Die Mitte Juli 2015 in Wien erfolgreich abgeschlossenen Verhandlungen über das iranische Atomprogramm im "Joint Comprehensive Plan of Action" (JCPOA) genannten Abkommen und dessen Umsetzung am 16. Jänner 2016 führten zu einer Veränderung der Beziehungen zwischen Iran und der internationalen Gemeinschaft: Die mit dem iranischen Atomprogramm begründeten Sanktionen wurden aufgehoben bzw. ausgesetzt. Seither gibt es einen intensiven Besuchs- und Delegationsaustausch mit dem Iran, zahlreiche neue Wirtschaftsverträge wurden unterzeichnet.
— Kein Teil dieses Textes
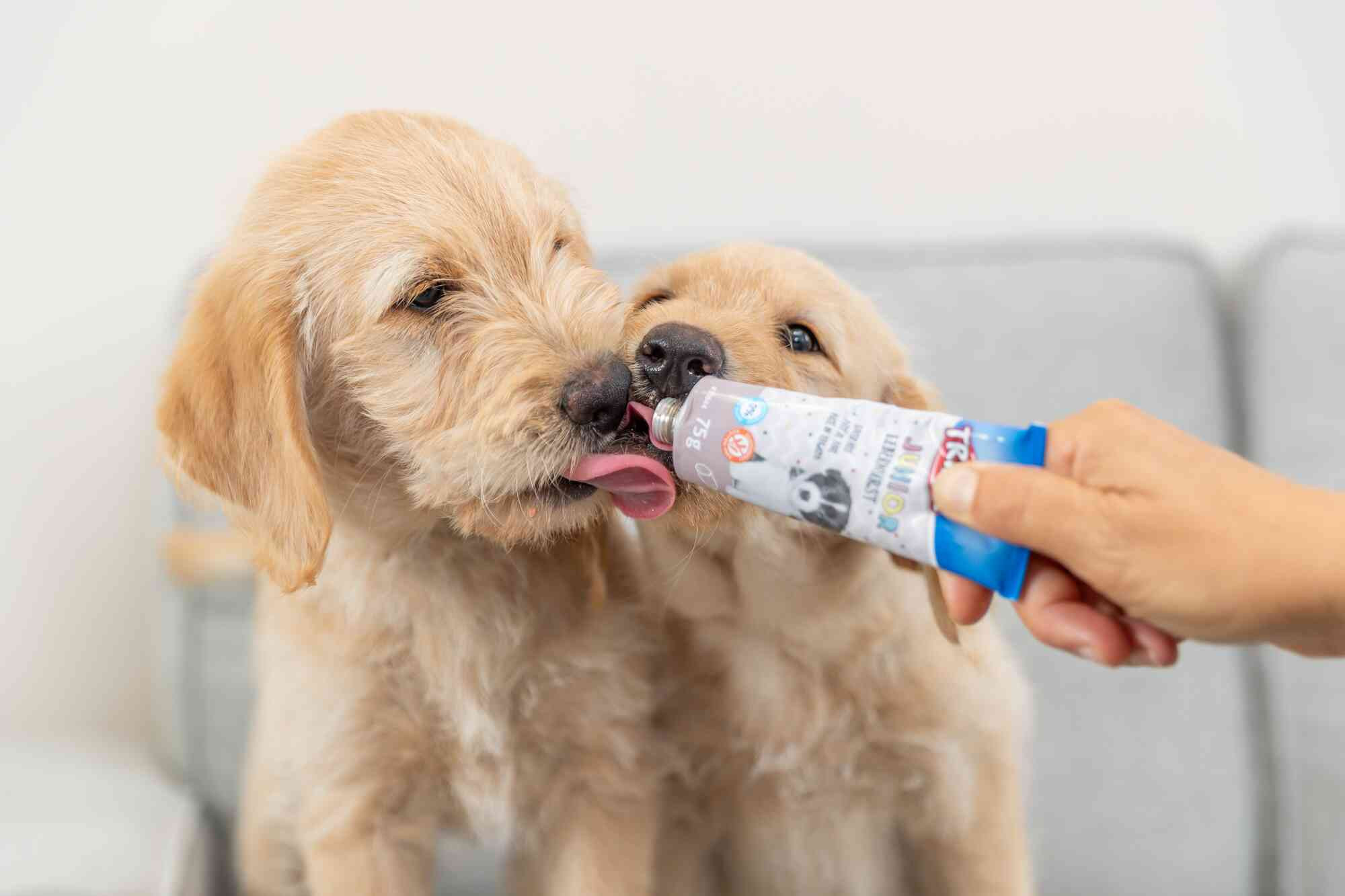 Trixie Junior leverworst voor puppies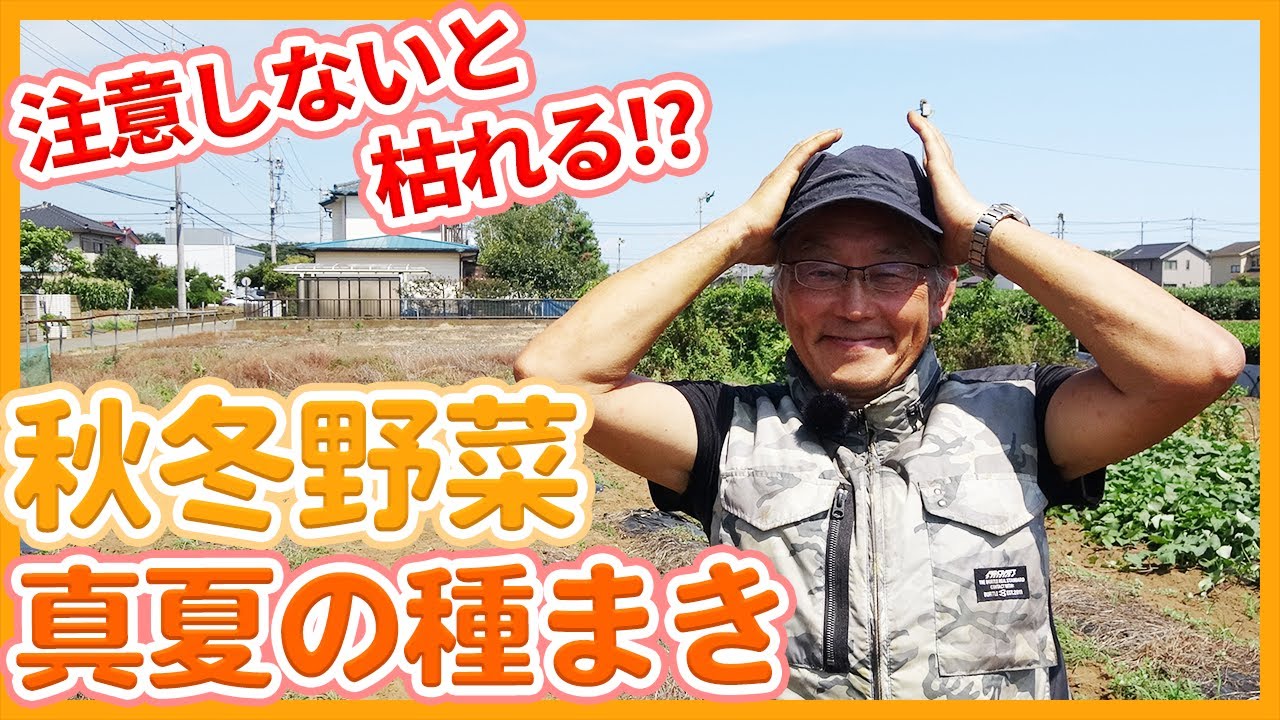 家庭菜園や農園の秋冬野菜栽培で注意しないと枯れる！？真夏の種まきのコツ！８月種まき成功の秘訣を徹底解説！【農家直伝】/Tips for sowing winter vegetables.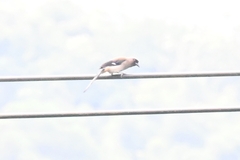 Dendrocitta formosae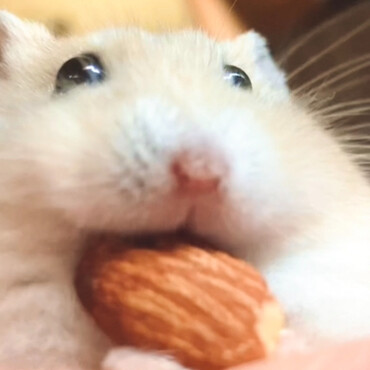 アーモンド咥えた坊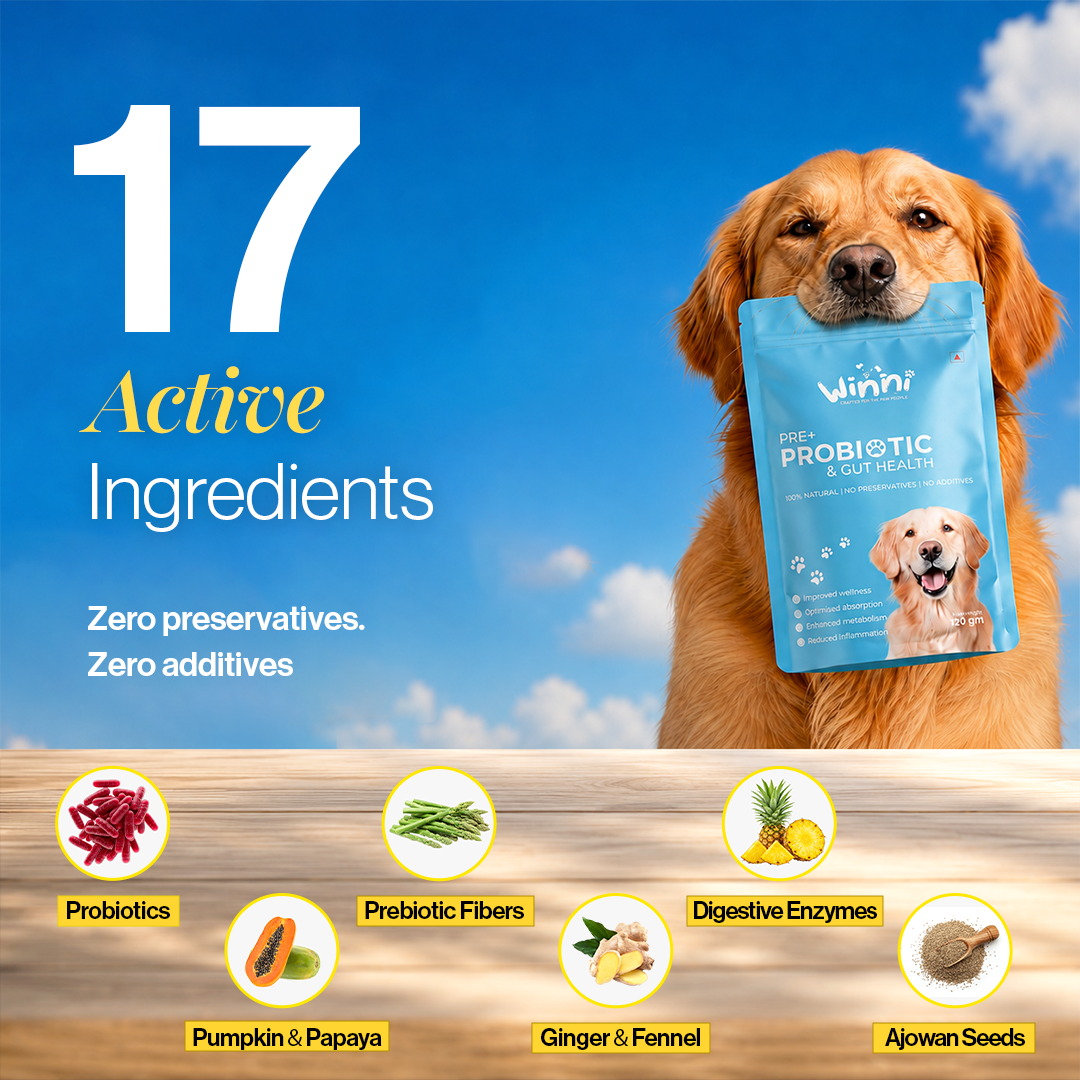Pre + Probiotics & Gut Health for Dogs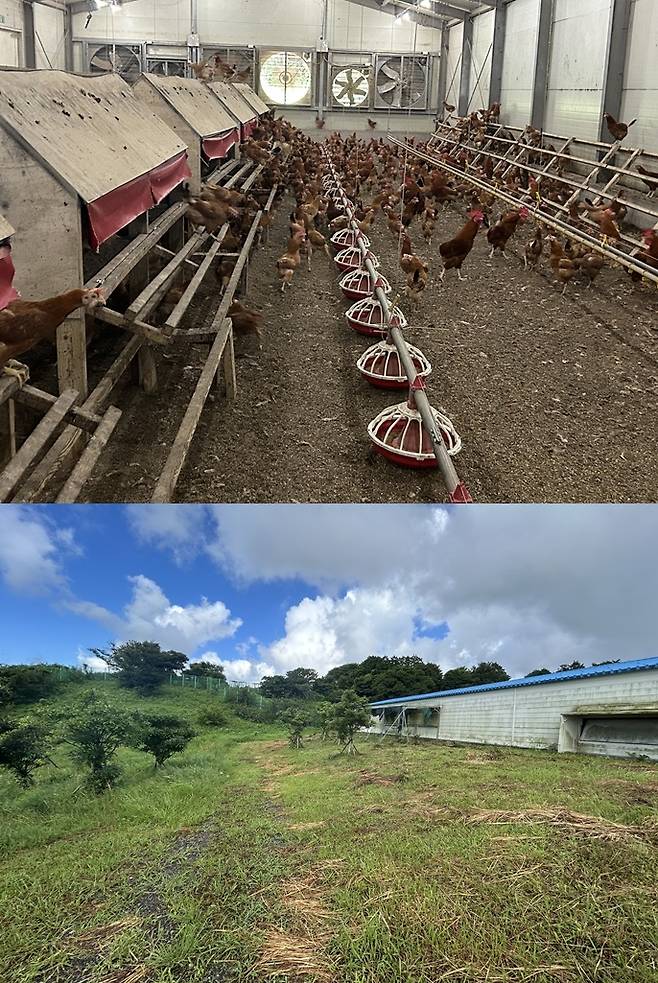 컬리가 '희소가치 프로젝트'를 통해 판매 중인 제주 구엄닭 계란을 생산하는 자연방목 양계장./사진=김아름 기자 armijjang@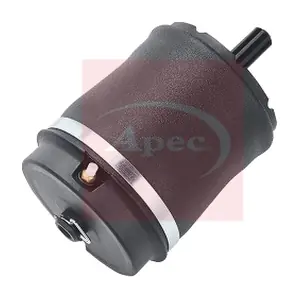 AAS1019 APEC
Die Erwartung, dass durch den erfolgreichen Abschluss des JCPOA die reformistischen Kräfte in Iran gestärkt werden, wurde in den Parlamentswahlen im Februar bzw. April (Stichwahl) 2016 erfüllt: Die Reformer und Moderaten konnten starke Zugewinne erreichen, so gingen erstmals alle Parlamentssitze für die Provinz Teheran an das Lager der Reformer. 217 der bisherigen 290 Abgeordneten wurden nicht wiedergewählt. Auf Reformbestrebungen bzw. die wirtschaftliche Öffnung des Landes durch die Regierung Rohanis wird von Hardlinern in Justiz und politischen Institutionen mit verstärktem Vorgehen gegen "unislamisches" oder konterrevolutionäres Verhalten reagiert. Es kann daher noch nicht von einer wirklichen Verbesserung der Menschenrechtslage gesprochen werden. Ein positiver Schritt war die Publikation der Bürgerrechtscharta im Dezember 2016. Die rechtlich nicht bindende Charta beschreibt in 120 Artikeln die Freiheiten, die ein iranischer Bürger haben sollte (ÖB Teheran 9.2017).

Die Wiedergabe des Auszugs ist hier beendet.